Fred Vargas sigue siendo inigualable
El nuevo libro de la autora francesa muestra una vez más que es un caso poco frecuente en el género negro
En un mundo literario en el que cada día salen novelas más “trepidantes” y “sorprendentes” y en la que cada mes nos encontramos con un nuevo valor que va a cambiar el panorama negrocriminal, volver a Fred Vargas es un lujo. En Cuando sale la reclusa (Siruela, traducción de Anne- Hélène Suárez) me encuentro con todo lo que me gusta del género: un argumento llevado con solidez y sin artificios, un personaje central poderoso y original, grandes secundarios, inteligencia y respeto por el lector y diálogos brillantes.
La llega de Frédérique Audoin-Rouzeau (París, 1957), alias Fred Vargas, a la literatura desde la arqueozoología fue una suerte para todos, aunque contado por ella parece casi un accidente. En una entrevista, y no da muchas, en 2005 aseguraba a este diario: "No sé por qué empecé a leer de pequeña novelas policiacas, cuando nadie las leía en casa. No he dejado de leerlas desde entonces. En cuanto a decidir escribirlas, es bastante sencillo: era arqueóloga, tenía 28 años y conocía mi oficio. Pero, a pesar del mito, es una ocupación bastante científica, bastante austera. De vez en cuando sentía la necesidad de ir a jugar a otra parte. Entonces, una noche, después de trabajar en una excavación, decidí escribir una novela policiaca. Para divertirme. Al día siguiente compré un cuaderno y un bolígrafo, y así empezó".
Al inicio de la novela tenemos al bueno de Jean- Baptiste Adamsberg a su aire en Islandia con un hijo que ha descubierto hace poco y con el móvil hundido en un montón de mierda de oveja. De allí le saca una llamada para volver a París a un asunto que necesita de su inteligencia.
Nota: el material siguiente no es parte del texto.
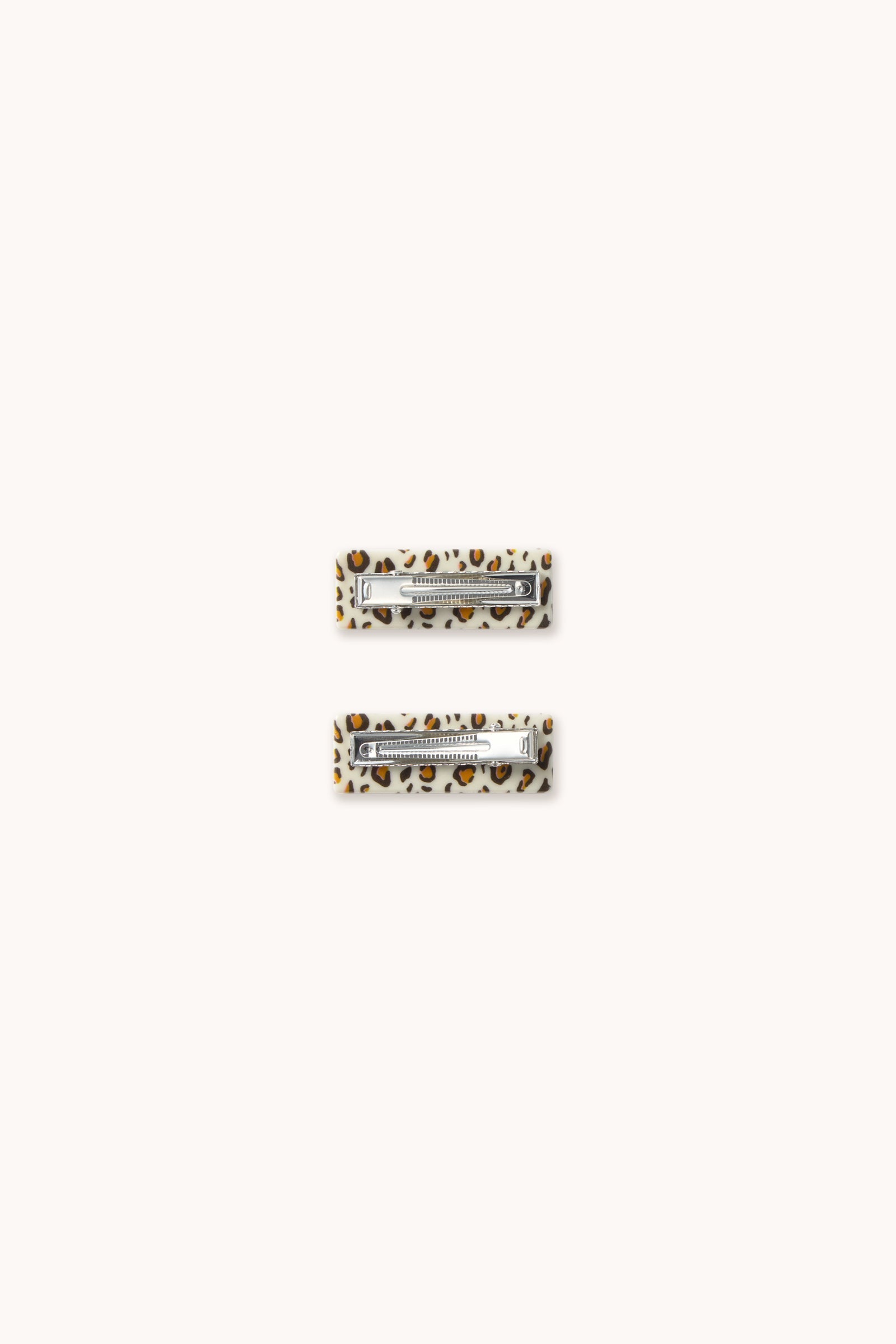 ANIMAL PRINT HAIR CLIPS SET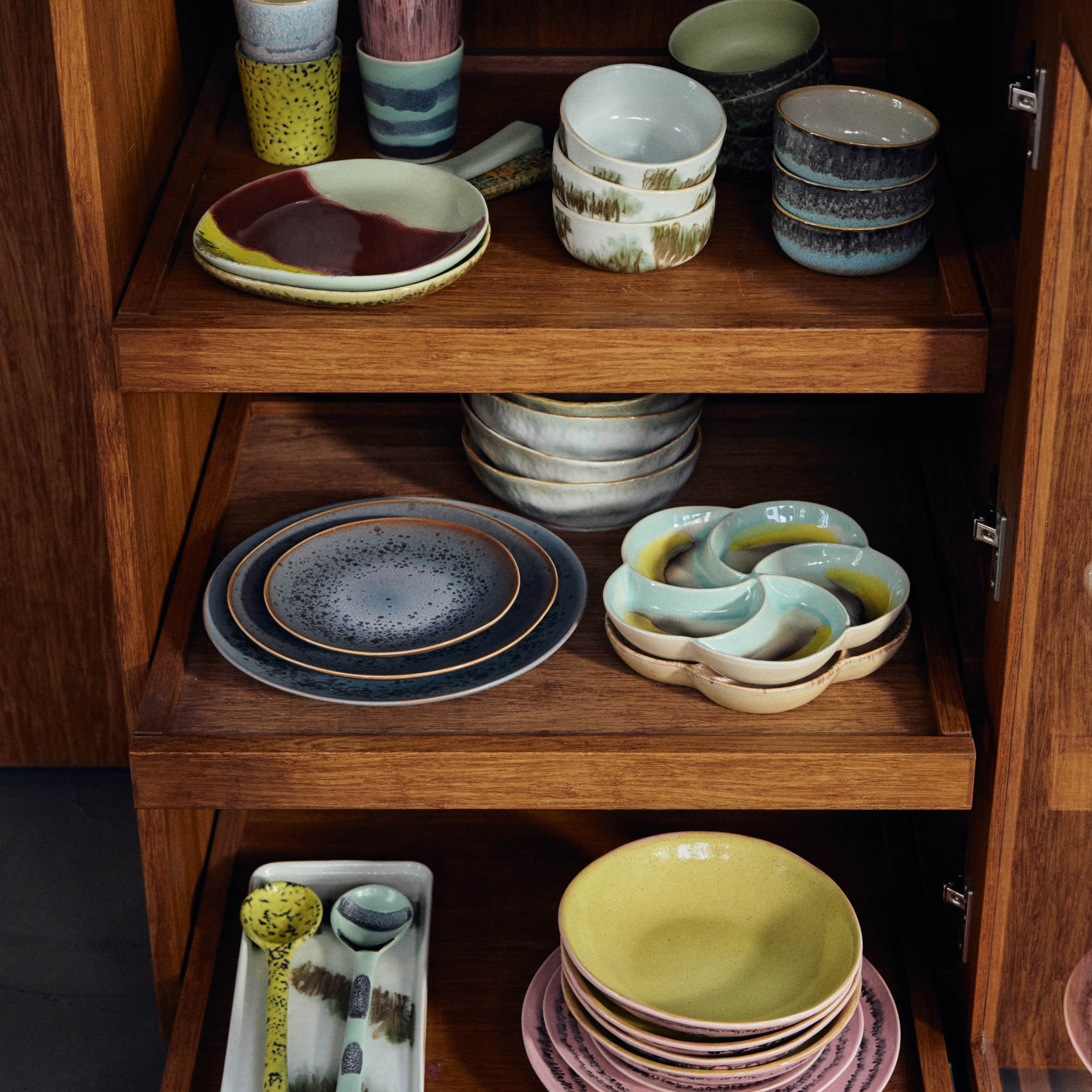 HKliving Servies 70's ceramics gebaksbordje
Se trata de un homicidio solucionado rápidamente y solo sirve como puesta en escena de un caso mucho más imbricado que Vargas lleva de maravilla y del que va enseñando poco a poco el andamiaje mientras nos lleva por las vicisitudes nada banales y a veces muy divertidas de Adamsberg y su brigada.
Al principio es verdad que no se sabe muy bien de qué va eso de la reclusa y las arañas pero el lector entra en materia a la vez que el comisario y en la página 200, con todo el lío puesto encima de la mesa, puedes sonreír y celebrar que quedan otras 200 páginas.
Hay momentos de humor de nivel, de ironía delicada, escenas de gran ternura, que no de sensiblería, como esa en la que Adamsberg moviliza a toda la brigada para socorrer y salvar a cinco crías de mirlo que han nacido en el patio de la comisaría. Me encanta el grupo humano del que Vargas rodea a su héroe, pero siento especial debilidad por él. Me gusta que su pensamiento funcione mejor cuando tiene alguien enfrente, que sea un despistado con dos relojes que no funcionan, que use su inteligencia tanto como su intuición, que sea tan buen tipo. “Lo juzgaban a menudo, soñador y utópico obstinado (...) sin entender, sencillamente, que el comisario veía entre brumas”, dice el narrador.
Además, Vargas juega con los prejuicios del lector, con su pensamiento y sus inquietudes. A medida que van apareciendo distintos sospechosos y conocemos la catadura moral del infame grupo de víctimas, uno tiene que luchar contra la tentación de justificar al asesino y pensar que, sea quien sea finalmente, nos está haciendo un favor al quitar de en medio a estos tipos.
El final está, como todo en las novelas de Vargas, muy bien llevado pero en el fondo es lo de menos porque todo lo bueno nos lo hemos disfrutado ya. Dice Gullermo Altares en su crítica para Babelia que "Cuando sale la reclusa, que podría ser calificada sin exagerar como obra maestra de la literatura negra (la versión de su traductora habitual, Anne-Hélène Suárez, es además impecable)". Y asegura Fernando Savater que tiene a Fred Vargas como “una de las mejores novelistas francesas del momento en cualquier categoría y género". Amén. Vive le noir.